Spaghetti Puttanesca is a simple Sicilian pasta dish that’s been around
for quite a long time, though it wasn’t given its name until sometime
in the ’60s. Legend has it that prostitutes in Naples used to make this
dish in between, um, appointments, or to attract customers. Who knew
ladies of the night had culinary skills? Well, whatever the story of
how this dish of tomatoes, capers, olives and roasted red peppers came
about, it’s delicious.

Clearly, Italian food brings people together — whether that’s
giovannis and madams in Italy or friends and family in Lisbon, Maine.
Joe Graziano Jr., owner of Graziano’s Casa Mia in Lisbon, grew up
knowing this fact, watching his father, Joe Graziano Sr., welcome any
and all who walked through the doors of the restaurant — and even those
who kept walking into the kitchen, which often happened. The younger
Graziano, who has been running the restaurant for the past 10 years,
said that when he first heard the history of this dish, it surprised
him and made him laugh a bit.

“It’s got a cheeky name. Some people may not know that ‘puttana’ means ‘prostitute’ in Italian,” said Graziano.

Good food, no matter where it comes from, starts in a kitchen. And a
good kitchen is one that is well stocked, he says. Most of the items in
this dish are ingredients that can be kept for a long time in the
pantry or refrigerator. The sauce takes eight to 10 minutes to cook;
with preparation taking about 10 minutes.

Enjoying what you’re cooking, that’s something Graziano says he learned from his father.

“It’s good to have fun when you’re cooking,” said Graziano. “Cooking
is all about fun; enjoy yourself while you’re doing it and the food
will respond to that.”


Some secrets to good Spaghetti Puttanesca, according to Graziano:

• Start by heating the pan on high, then add the olive oil and
garlic and lower the heat to medium. If you heat the pan with the oil
in it, the flavor of the oil is cooked off. Also, he recommends using
extra-virgin olive oil and cutting it with a little vegetable oil to
raise the smoking point for easier cooking.

• Anchovies? Yes. Graziano says they are one of the secrets of this
recipe. “Not everyone likes anchovies,” he said. “The idea is you only
put in a little bit. There’s just two small anchovies, chopped up. It’s
going to add so much flavor.”

• Because of the anchovies and capers, not much salt is needed in
this dish. Chili powder and black pepper add a bit of a kick to the

• Don’t forget the chopped parsley. “My father would call chopped parsley a flavor exploder,” said Graziano.
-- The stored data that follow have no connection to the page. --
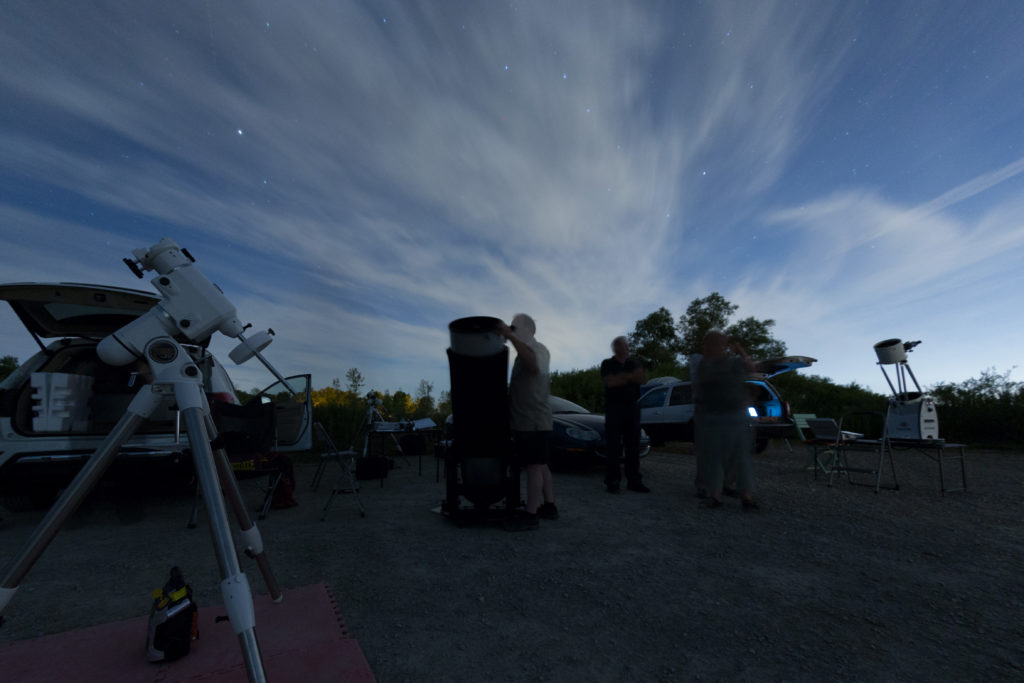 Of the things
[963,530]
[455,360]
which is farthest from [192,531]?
[963,530]

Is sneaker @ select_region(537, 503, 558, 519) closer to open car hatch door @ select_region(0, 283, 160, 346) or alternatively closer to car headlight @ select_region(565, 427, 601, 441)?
car headlight @ select_region(565, 427, 601, 441)

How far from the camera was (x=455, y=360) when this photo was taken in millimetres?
3730

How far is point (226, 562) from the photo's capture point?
1292 millimetres

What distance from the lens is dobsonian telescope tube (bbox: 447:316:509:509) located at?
3.62 meters

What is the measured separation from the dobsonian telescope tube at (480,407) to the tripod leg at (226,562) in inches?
88.8

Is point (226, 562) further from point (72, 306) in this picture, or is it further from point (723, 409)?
point (723, 409)

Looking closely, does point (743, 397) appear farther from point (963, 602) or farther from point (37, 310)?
point (37, 310)

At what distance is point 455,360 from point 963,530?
476 centimetres

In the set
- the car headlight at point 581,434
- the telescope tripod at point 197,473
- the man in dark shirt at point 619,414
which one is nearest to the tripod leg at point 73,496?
the telescope tripod at point 197,473

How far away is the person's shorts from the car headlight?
2.63m

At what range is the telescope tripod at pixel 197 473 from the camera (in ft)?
4.12

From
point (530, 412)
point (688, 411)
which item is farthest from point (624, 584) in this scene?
point (688, 411)

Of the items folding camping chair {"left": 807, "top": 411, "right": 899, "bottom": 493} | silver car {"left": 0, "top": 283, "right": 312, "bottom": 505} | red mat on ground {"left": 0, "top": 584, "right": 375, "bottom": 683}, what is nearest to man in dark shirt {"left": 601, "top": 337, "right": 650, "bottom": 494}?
folding camping chair {"left": 807, "top": 411, "right": 899, "bottom": 493}

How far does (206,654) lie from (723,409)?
13.6 feet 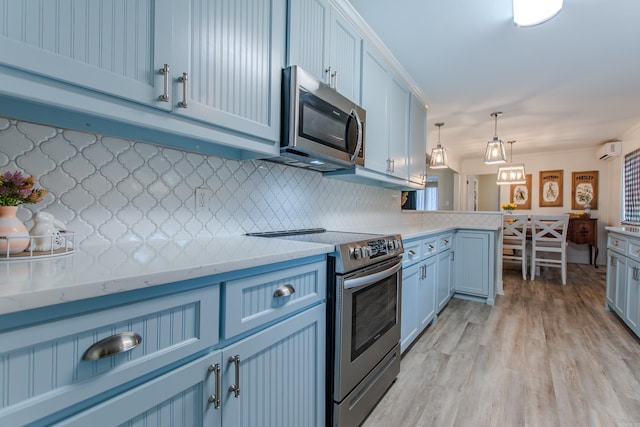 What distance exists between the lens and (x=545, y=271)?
5273 mm

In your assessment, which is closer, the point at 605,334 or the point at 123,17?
the point at 123,17

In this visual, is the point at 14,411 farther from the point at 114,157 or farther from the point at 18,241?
the point at 114,157

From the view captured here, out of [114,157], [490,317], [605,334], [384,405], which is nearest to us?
[114,157]

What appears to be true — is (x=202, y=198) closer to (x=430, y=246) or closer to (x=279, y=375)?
(x=279, y=375)

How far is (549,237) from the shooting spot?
15.6 feet

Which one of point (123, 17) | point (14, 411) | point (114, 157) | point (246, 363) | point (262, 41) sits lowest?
point (246, 363)

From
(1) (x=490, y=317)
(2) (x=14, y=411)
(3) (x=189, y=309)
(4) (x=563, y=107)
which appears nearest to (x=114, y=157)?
(3) (x=189, y=309)

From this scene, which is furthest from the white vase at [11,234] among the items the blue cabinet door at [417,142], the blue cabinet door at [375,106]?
the blue cabinet door at [417,142]

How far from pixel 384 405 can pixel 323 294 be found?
2.86 feet

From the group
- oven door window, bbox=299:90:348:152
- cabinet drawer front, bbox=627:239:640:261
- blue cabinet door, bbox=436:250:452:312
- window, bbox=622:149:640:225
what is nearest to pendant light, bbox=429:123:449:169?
blue cabinet door, bbox=436:250:452:312

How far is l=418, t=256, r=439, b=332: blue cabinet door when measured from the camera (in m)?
2.40

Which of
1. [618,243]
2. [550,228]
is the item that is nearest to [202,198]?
[618,243]

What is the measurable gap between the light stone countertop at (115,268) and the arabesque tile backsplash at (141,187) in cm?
13

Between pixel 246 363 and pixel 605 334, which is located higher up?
pixel 246 363
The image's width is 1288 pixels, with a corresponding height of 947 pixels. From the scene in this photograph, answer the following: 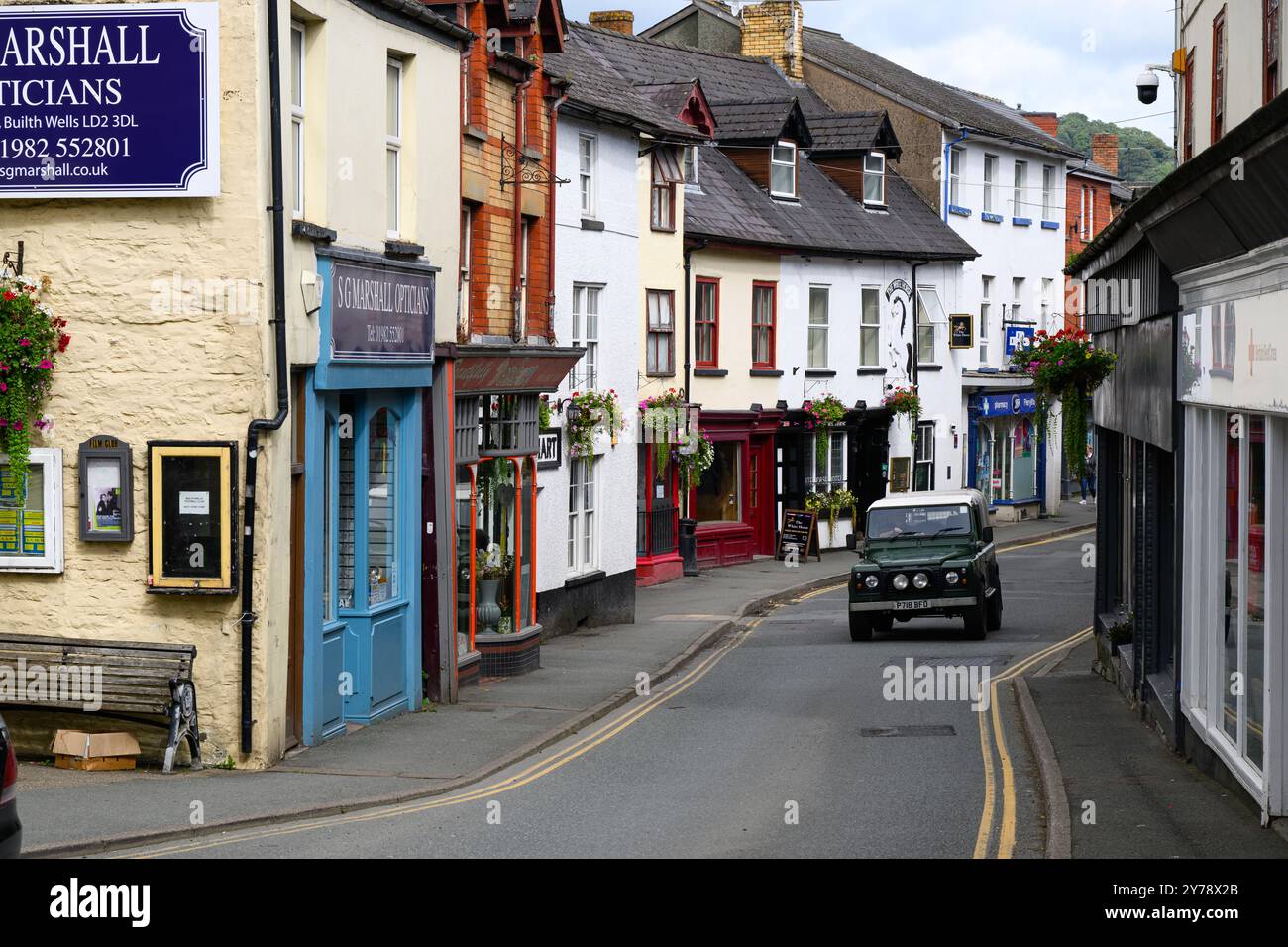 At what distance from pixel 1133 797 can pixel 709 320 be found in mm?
26217

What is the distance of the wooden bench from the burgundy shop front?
24.2 metres

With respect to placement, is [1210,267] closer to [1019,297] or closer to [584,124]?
[584,124]

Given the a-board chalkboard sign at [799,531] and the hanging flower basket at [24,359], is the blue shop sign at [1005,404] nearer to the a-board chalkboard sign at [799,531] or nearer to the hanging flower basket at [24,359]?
the a-board chalkboard sign at [799,531]

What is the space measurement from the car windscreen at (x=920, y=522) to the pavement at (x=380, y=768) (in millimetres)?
3312

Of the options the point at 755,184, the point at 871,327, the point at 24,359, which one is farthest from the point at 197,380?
the point at 871,327

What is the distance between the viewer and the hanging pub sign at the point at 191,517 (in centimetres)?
1384

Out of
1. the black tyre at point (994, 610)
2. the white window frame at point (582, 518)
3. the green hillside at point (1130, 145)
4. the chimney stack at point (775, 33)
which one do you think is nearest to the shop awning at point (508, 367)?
the white window frame at point (582, 518)

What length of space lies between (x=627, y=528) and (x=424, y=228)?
12428 millimetres

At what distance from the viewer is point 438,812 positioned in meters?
12.6

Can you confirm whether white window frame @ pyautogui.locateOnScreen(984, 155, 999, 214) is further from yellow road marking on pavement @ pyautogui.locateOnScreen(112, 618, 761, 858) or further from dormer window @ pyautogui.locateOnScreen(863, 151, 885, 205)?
yellow road marking on pavement @ pyautogui.locateOnScreen(112, 618, 761, 858)

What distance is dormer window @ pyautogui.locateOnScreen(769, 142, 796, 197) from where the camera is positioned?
41.5 meters

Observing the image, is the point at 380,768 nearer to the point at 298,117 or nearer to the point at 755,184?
the point at 298,117

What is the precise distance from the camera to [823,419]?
41531 millimetres

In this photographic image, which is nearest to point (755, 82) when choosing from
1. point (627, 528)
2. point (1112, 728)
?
point (627, 528) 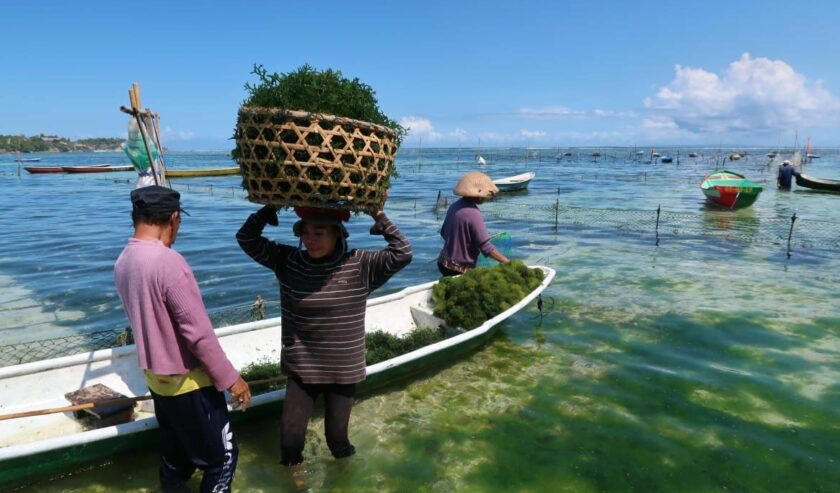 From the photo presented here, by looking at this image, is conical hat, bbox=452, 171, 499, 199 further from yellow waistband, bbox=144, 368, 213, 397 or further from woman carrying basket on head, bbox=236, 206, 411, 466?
yellow waistband, bbox=144, 368, 213, 397

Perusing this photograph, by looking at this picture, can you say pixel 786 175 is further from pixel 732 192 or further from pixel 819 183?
pixel 732 192

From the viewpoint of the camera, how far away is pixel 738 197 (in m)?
23.9

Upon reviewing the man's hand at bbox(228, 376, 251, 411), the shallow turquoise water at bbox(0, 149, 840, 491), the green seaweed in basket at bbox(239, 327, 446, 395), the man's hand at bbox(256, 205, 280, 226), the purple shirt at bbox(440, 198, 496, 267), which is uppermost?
the man's hand at bbox(256, 205, 280, 226)

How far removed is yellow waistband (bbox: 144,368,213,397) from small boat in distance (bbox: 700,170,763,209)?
2638 centimetres

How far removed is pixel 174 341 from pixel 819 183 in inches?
1631

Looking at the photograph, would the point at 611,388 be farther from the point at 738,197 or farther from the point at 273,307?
the point at 738,197

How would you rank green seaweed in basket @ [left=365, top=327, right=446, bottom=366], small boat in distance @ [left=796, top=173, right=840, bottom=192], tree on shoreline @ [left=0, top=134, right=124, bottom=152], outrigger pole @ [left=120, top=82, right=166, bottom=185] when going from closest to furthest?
outrigger pole @ [left=120, top=82, right=166, bottom=185], green seaweed in basket @ [left=365, top=327, right=446, bottom=366], small boat in distance @ [left=796, top=173, right=840, bottom=192], tree on shoreline @ [left=0, top=134, right=124, bottom=152]

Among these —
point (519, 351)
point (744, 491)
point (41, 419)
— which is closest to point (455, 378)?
point (519, 351)

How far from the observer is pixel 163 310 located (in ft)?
8.92

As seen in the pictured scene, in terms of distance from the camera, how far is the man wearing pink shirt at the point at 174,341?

Graziano’s Casa Mia’s Spaghetti Puttanesca

Serves two to four people


½ pound cooked spaghetti

2 chopped anchovies

4 ounces of capers

6 ounces sliced black olives

8 ounces julienned red roasted peppers

1 28-ounce can of diced tomatoes, with the juice


4 chopped scallions

Chopped garlic (to taste)

Salt, pepper and chili powder (to taste)

Olive oil

Fresh parsley

4 ounces light chicken or vegetable broth


Directions: Heat the pan on medium-high heat and add enough olive oil — cut with vegetable oil — to lightly coat the bottom of the pan. Add a tablespoon of garlic and stir until it is well coated with the sizzling oil. Add anchovy, capers, olives and roasted red peppers. (See tip for making your own roasted red peppers.) Season with a pinch of salt, black pepper and chili powder. Sauté for three minutes, stirring occasionally. Add the broth to deglaze the pan, stirring with a wooden spoon. Turn the heat to high and add the tomatoes and the scallions. Stir well and bring to a boil. Cook two or three more minutes, then add the warm cooked spaghetti and some chopped fresh parsley. Toss gently with a fork to coat the noodles. Serve in a bowl with crusty bread and red wine.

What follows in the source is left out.